Voici un exemple concret pour éclaircir cette allégation: bien que le film s’appelle The Fountain, il n’y a pas de fontaines dans le film. Le titre n’est qu’une image, un symbole. Une fontaine, ça projette de l’eau, la pompe, puis la projette à nouveau. Associez cette image au thème de la mort et vous obtiendrez, en essence, le propos du film.

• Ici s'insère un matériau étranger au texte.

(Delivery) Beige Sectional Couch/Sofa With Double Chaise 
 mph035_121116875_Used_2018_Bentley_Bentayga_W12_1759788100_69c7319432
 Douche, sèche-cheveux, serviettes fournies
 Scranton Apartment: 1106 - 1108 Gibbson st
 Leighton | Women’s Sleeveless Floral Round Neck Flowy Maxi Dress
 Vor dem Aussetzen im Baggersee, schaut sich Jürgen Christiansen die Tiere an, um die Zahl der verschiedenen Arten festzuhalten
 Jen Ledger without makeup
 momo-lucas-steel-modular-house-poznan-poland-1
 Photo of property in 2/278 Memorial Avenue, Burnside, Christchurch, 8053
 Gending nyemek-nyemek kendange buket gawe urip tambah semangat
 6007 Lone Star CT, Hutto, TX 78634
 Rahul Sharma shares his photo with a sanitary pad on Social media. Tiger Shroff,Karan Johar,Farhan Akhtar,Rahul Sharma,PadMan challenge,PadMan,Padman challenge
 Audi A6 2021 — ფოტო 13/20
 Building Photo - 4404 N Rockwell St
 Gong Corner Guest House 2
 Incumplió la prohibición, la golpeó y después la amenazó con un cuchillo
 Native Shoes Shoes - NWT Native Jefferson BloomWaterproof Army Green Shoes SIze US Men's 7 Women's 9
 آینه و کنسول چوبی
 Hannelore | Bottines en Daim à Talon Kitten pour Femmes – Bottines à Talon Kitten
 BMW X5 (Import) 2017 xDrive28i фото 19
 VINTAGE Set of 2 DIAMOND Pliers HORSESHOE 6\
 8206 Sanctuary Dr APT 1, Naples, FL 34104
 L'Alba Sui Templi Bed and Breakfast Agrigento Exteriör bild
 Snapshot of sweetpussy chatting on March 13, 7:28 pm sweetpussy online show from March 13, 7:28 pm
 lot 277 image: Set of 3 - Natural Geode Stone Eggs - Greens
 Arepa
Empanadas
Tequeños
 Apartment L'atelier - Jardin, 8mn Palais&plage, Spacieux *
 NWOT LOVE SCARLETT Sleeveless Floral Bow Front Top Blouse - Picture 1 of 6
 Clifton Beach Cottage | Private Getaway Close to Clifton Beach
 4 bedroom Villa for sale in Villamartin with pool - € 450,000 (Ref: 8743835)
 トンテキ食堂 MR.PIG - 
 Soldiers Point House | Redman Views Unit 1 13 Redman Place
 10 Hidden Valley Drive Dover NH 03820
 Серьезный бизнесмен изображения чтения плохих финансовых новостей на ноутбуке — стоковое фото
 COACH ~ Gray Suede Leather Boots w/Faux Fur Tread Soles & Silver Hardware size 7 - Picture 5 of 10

La clé du film réside dans la construction de sa structure. Il en est toujours le cas avec les oeuvres de Aronofsky. Dans Pi, Le héros, un mathématicien, appliquait la démarche scientifique pour tenter d’expliquer le sens de la vie. Chaque séquences du film reproduisaient les étapes de la méthode scientifique. Elles débutaient par une observation, puis suivait l’expérimentation, de laquelle le protagoniste analysait les résultats et en guise de conclusion, le chercheur souffrait de violentes migraines. Pour briser le cycle, le savant décida d’aérer sa boîte crânienne avec une perceuse. Dans Requiem for a Dream, on suit les existences de quatre personnages différents. En passant d’un protagoniste à l’autre, Aronofsky expose les similitudes entre les expériences vécues par les quatre âmes perdues. Il souligne que se prostituer pour mettre la main sur de l’héroïne ou prendre des drogues amaigrissantes pour passer à la télévision représentent deux comportements auto-destructeur provoqués par des dépendances. Dans The Fountain, les trois intrigues reprennent les mêmes personnages et racontent sensiblement la même chose: le héros cherche à préserver la vie de son âme soeur. Toutefois, la nature de chacune des histoires entremêlées permet d’aborder la même problématique de l’amour face à la mort sous des angles différents mais complémentaires. Ainsi, la première représente l’histoire d’un roman et se veut didactique, la seconde, plus réaliste et émouvante, se déroule dans le présent et la troisième fait le pont entre les deux de façon spirituelle. Finalement, les conclusions des trois histoires se fondent les unes dans les autres pour ne faire qu’une.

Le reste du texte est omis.